HOW TO COMPLETE THIS TASK: I'd like the data below restated word for word, with the pictures left out.

** Opening DATA PROVIDED block **

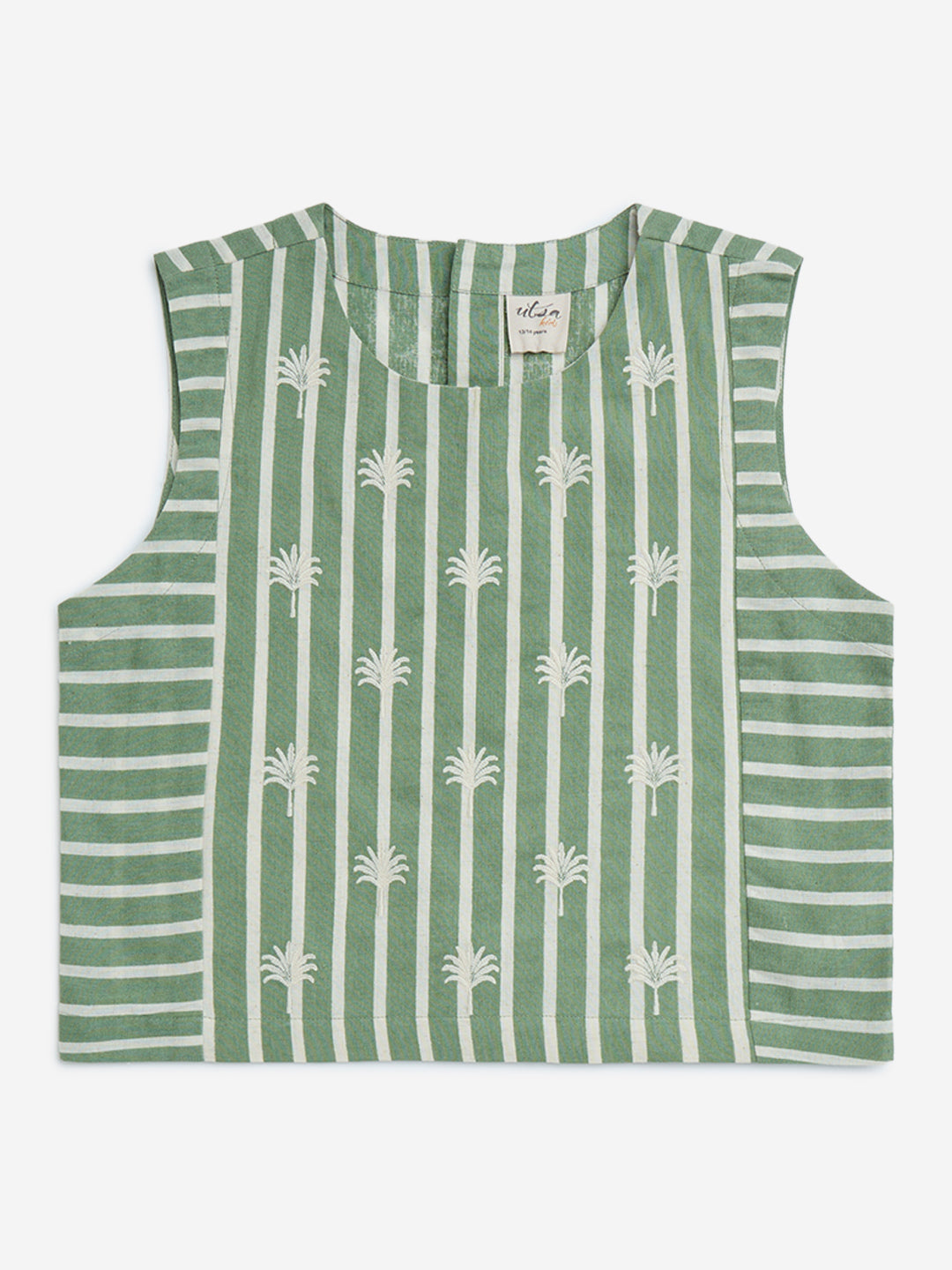 Utsa Kids Green Striped Cotton-Blend Ethnic Top - (8-14yrs)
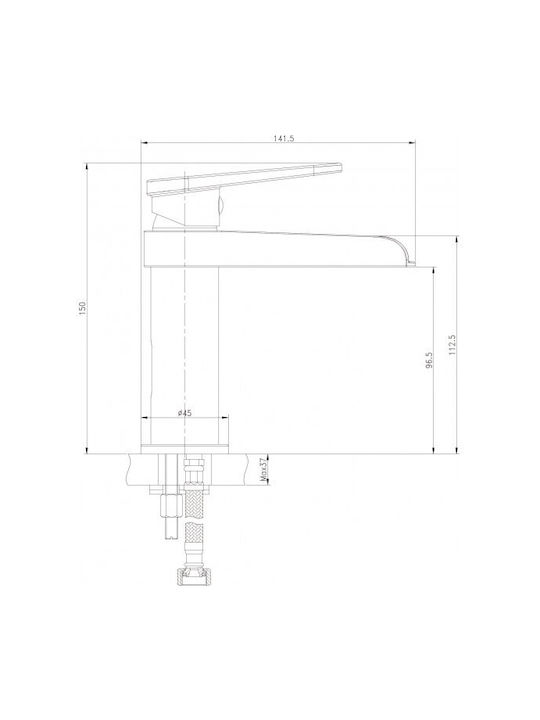 Inter Ceramic Αναμεικτική Μπαταρία Νιπτήρα Καταρράκτης Ασημί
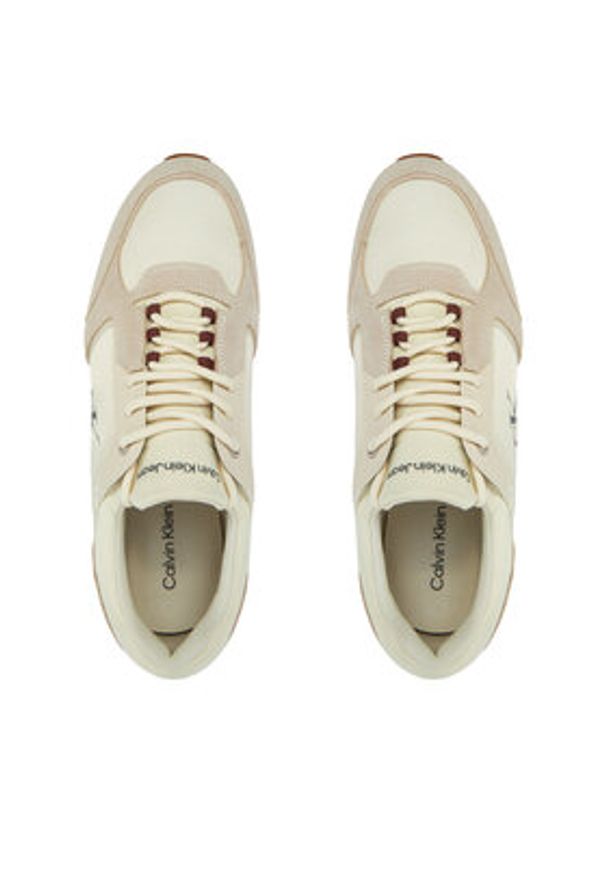 Calvin Klein Jeans Sneakersy Retro Sock Runner Mg YM0YM01152 Beżowy. Kolor: beżowy. Materiał: materiał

** Closing DATA PROVIDED block **

ANSWER BELOW:
 Utsa Kids Green Striped Cotton-Blend Ethnic Top - (8-14yrs)
 Inter Ceramic Αναμεικτική Μπαταρία Νιπτήρα Καταρράκτης Ασημί
 Calvin Klein Jeans Sneakersy Retro Sock Runner Mg YM0YM01152 Beżowy. Kolor: beżowy. Materiał: materiał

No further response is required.